--- PROVIDED ENTRIES Enclosed Below ---

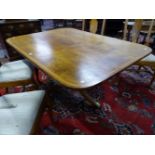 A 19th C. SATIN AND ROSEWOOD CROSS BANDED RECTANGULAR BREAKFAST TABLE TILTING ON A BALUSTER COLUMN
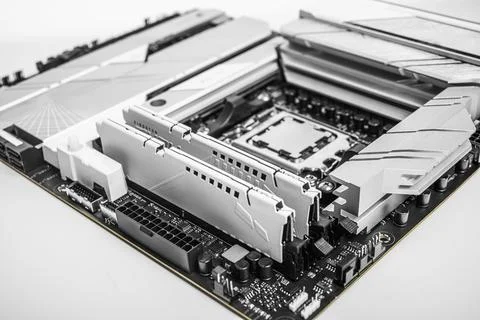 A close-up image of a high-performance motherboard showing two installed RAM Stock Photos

--- End of Enclosed PROVIDED ENTRIES ---
--- PROVIDED ENTRIES Enclosed Below ---

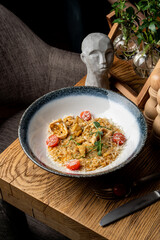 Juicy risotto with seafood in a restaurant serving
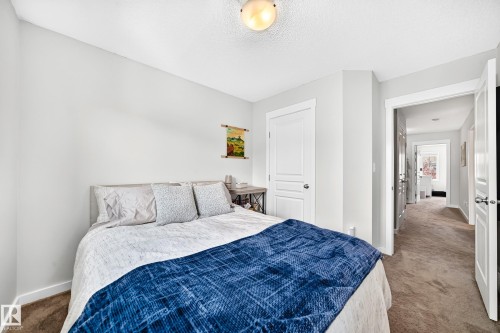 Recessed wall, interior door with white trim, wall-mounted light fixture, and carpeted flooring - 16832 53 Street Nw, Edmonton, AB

--- End of Enclosed PROVIDED ENTRIES ---

**WORK INSTRUCTION**
All that should appear in the answer is the lines above from the line with "A 19th C. SATIN" through the line with "A close-up image", retyped exactly, pictures left out.

**YOUR SOLUTION**
 A 19th C. SATIN AND ROSEWOOD CROSS BANDED RECTANGULAR BREAKFAST TABLE TILTING ON A BALUSTER COLUMN
 A close-up image of a high-performance motherboard showing two installed RAM Stock Photos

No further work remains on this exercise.